**Task goal:** The stretch wanted below opens at the line containing "K&K Interiors Tall" and closes at the line containing "3D Mobile Phone". Please return it exactly, with no other lines.

START Material provided

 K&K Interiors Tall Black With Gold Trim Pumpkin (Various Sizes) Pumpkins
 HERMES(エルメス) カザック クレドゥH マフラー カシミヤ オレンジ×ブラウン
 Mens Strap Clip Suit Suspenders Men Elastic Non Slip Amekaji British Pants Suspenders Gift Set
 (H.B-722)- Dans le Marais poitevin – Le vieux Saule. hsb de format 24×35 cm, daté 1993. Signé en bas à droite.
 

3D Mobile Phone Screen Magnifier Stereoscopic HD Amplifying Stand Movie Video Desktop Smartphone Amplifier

END Material provided
START Material provided

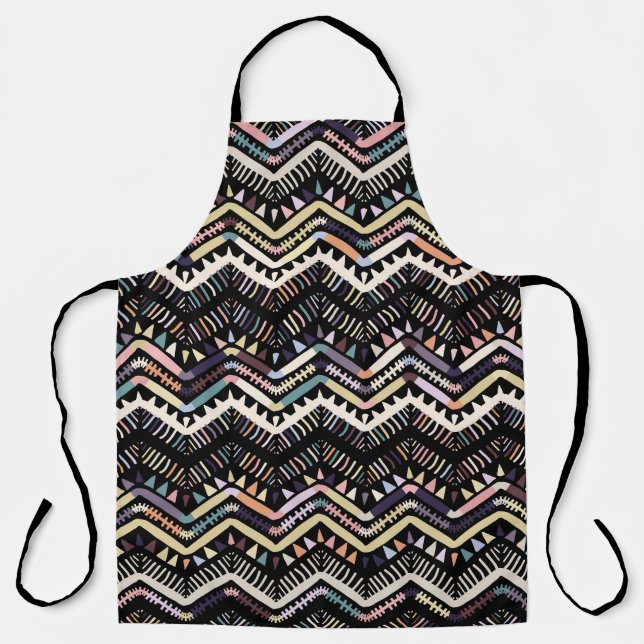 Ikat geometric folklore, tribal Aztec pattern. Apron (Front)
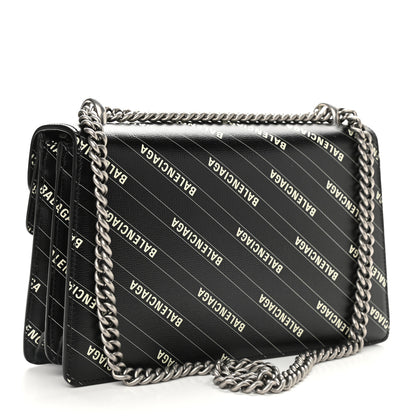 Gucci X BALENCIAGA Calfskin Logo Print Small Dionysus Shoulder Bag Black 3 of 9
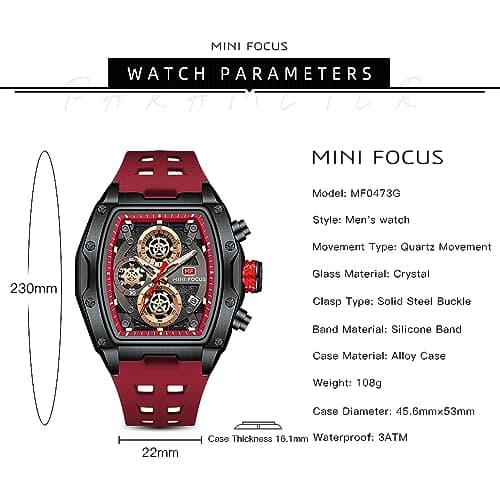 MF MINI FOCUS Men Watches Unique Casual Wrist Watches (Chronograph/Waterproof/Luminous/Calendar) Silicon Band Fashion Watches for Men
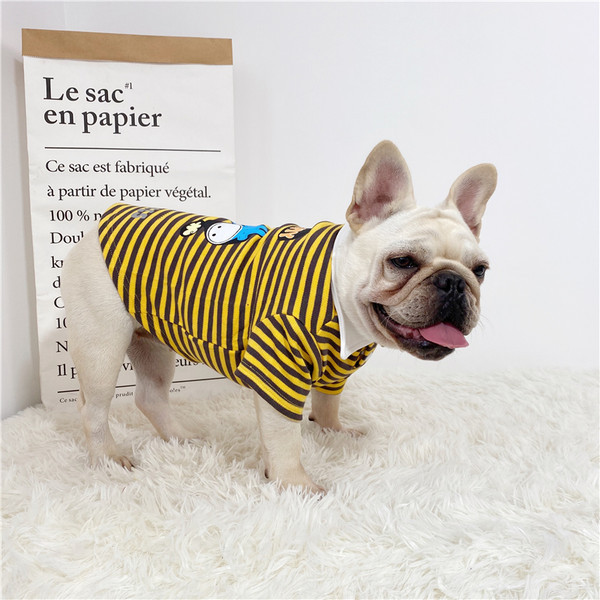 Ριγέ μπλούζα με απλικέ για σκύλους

END Material provided

**Exercise output:**
 K&K Interiors Tall Black With Gold Trim Pumpkin (Various Sizes) Pumpkins
 HERMES(エルメス) カザック クレドゥH マフラー カシミヤ オレンジ×ブラウン
 Mens Strap Clip Suit Suspenders Men Elastic Non Slip Amekaji British Pants Suspenders Gift Set
 (H.B-722)- Dans le Marais poitevin – Le vieux Saule. hsb de format 24×35 cm, daté 1993. Signé en bas à droite.
 

3D Mobile Phone Screen Magnifier Stereoscopic HD Amplifying Stand Movie Video Desktop Smartphone Amplifier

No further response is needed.